Identity and Governance
Azure Active Directory
Identity has become the new primary security boundary. Accurately proving that someone is a valid user of your system, with an appropriate level of access, is critical to maintaining control of your data.
Microsoft introduced Active Directory in Windows 2000 to give organizations the ability to manage multiple on-premises infrastructure components and systems by using a single identity per user.
Azure Active Directory (Azure AD) is Microsoft’s cloud-based identity and access management service. With Azure AD, you control the identity accounts, but Microsoft ensures that the service is available globally.
When you secure identities on-premises with Active Directory, Microsoft does not monitor sign-in attempts. When you connect Active Directory with Azure AD, Microsoft can help protect you by detecting suspicious sign-in attempts at no extra cost. For example, Azure AD can detect sign-in attempts from unexpected locations or unknown devices.
Who Uses Azure AD?
Azure AD is for:
- IT administrators — control access to applications and resources based on business requirements.

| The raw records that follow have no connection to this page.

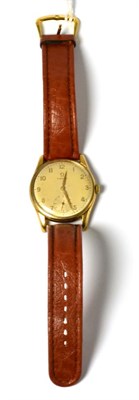 Lot 262 - A 9ct gold wristwatch, signed Omega, 1959, (calibre 267) lever movement signed and numbered...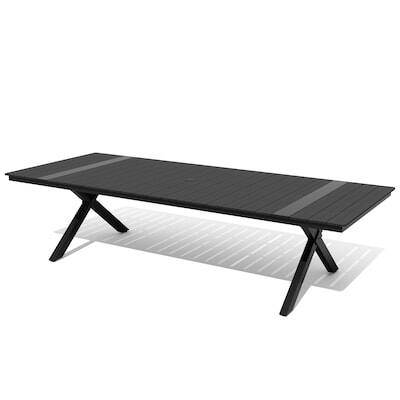 Alt View 5. Crestlive Products - Crestlive Products X-Leg Large Patio Plastic Wood Top Aluminum Frame Outdoor Dining Table with Umbrella Hole - Black.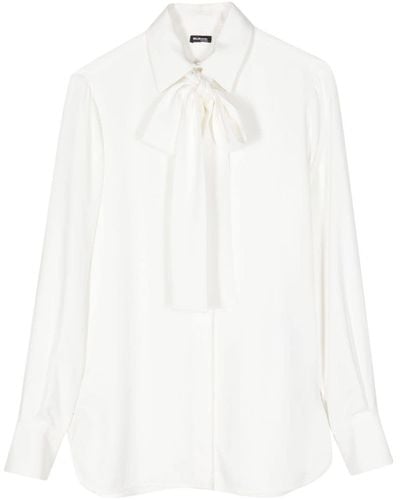 Kiton Pussy-bow Button Shirt - White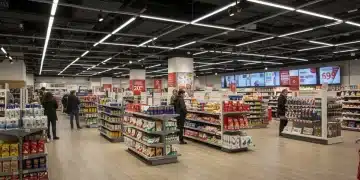 Interior moderno de una tienda minorista española, reflejando eficiencia y experiencia de compra optimizada.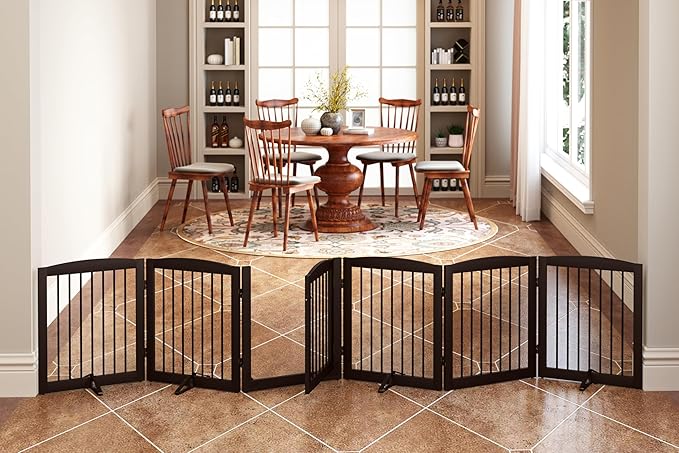 Freestanding Pet Gates with Walk Through Door, Dog Indoor Fence, Dog Gate by PUPETPO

- App developers — provide a standards-based approach for adding functionality to applications, such as adding SSO functionality or enabling an app to work with a user’s existing credentials.
- Users — manage their own identities (for example, self-service password reset).

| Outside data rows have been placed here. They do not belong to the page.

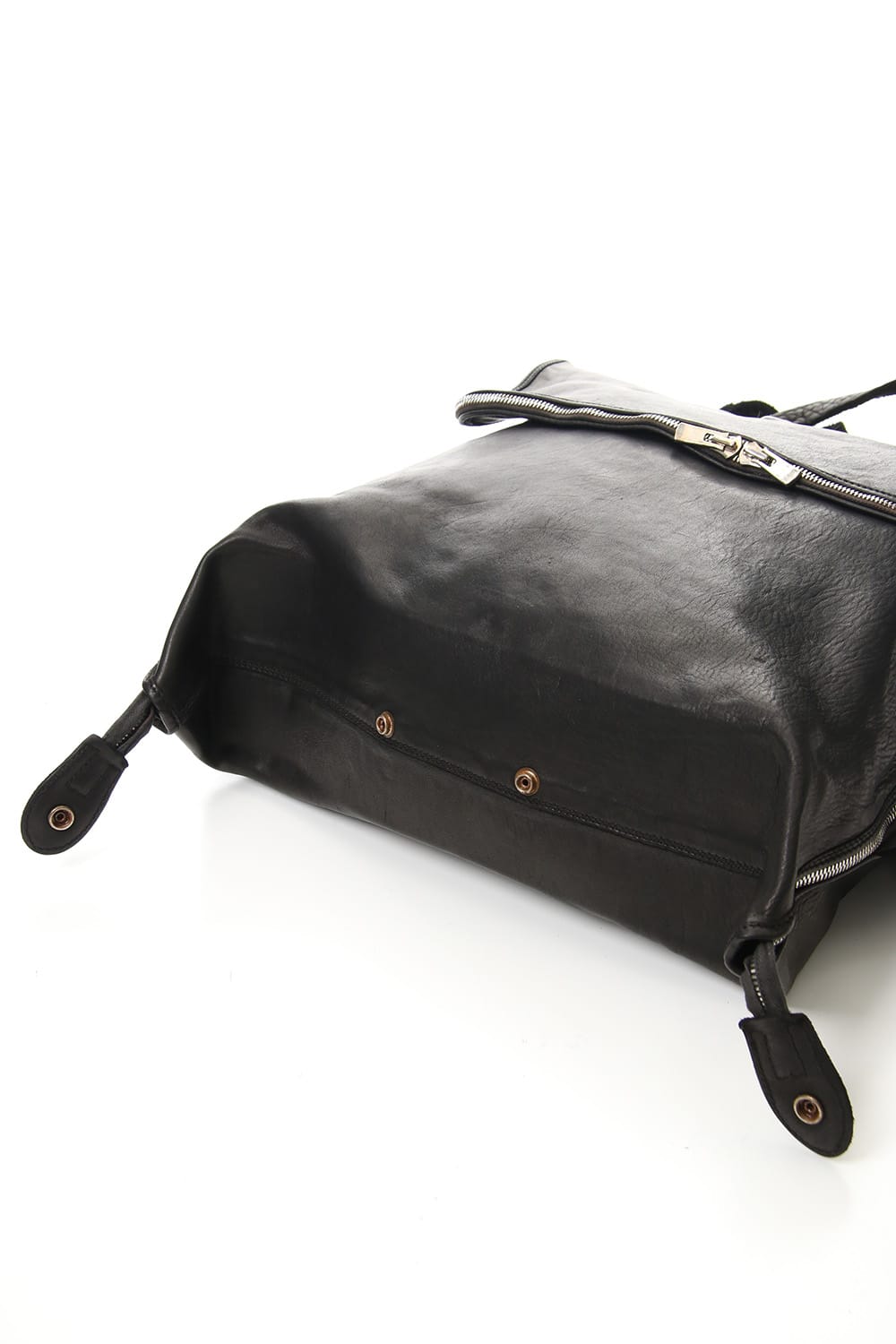 Large Belted Backpack Soft Horse Full Grain Leather BLK/T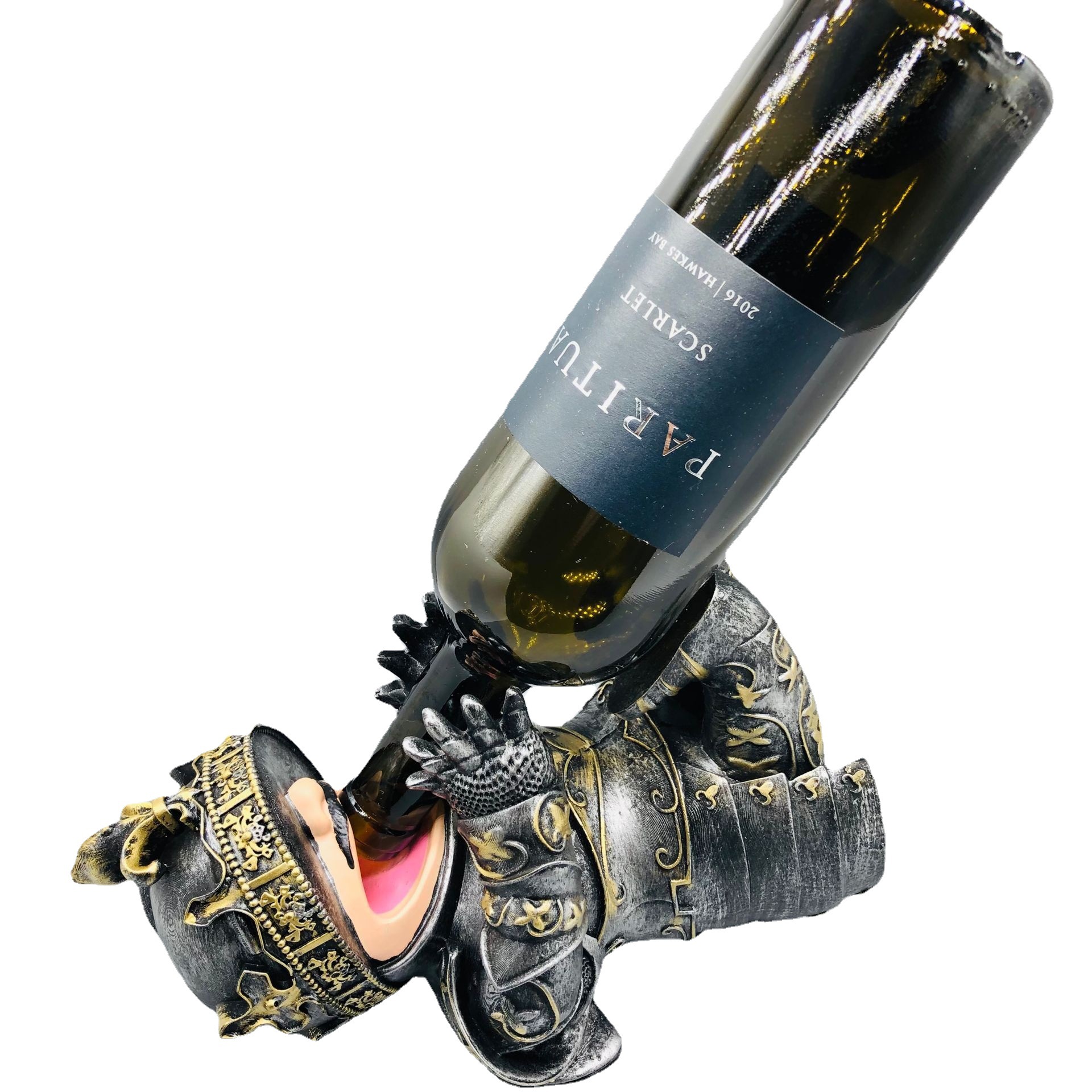 Nuevo Caballero Rey ejecutivo soporte de vino tinto caballero medieval bandeja de vino estante de vino tinto soporte de vino suministros para el hogar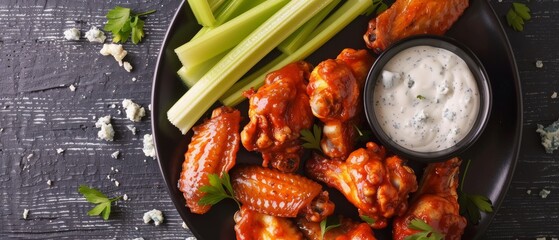 Buffalo wings with celery and blue cheese dip - obrazy, fototapety, plakaty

- Online service subscribers — Microsoft 365, Office 365, Azure, and Dynamics CRM Online tenants are automatically Azure AD tenants.
Services Azure AD Provides
- Authentication — verifying identity to access applications and resources, including self-service password reset, multifactor authentication, a custom list of banned passwords, and smart lockout services.
- Single sign-on (SSO) — remember only one username and password to access multiple applications; a single identity is tied to the user.
- Application management — manage cloud and on-premises apps using Application Proxy, SaaS apps, the My Apps portal, and single sign-on.
- Device management — register devices to be managed through tools like Microsoft Intune; enables device-based Conditional Access policies.
Authentication vs. Authorization
Authentication (AuthN) is the process of establishing the identity of a person or service that wants to access a resource. It establishes whether the user is who they say they are.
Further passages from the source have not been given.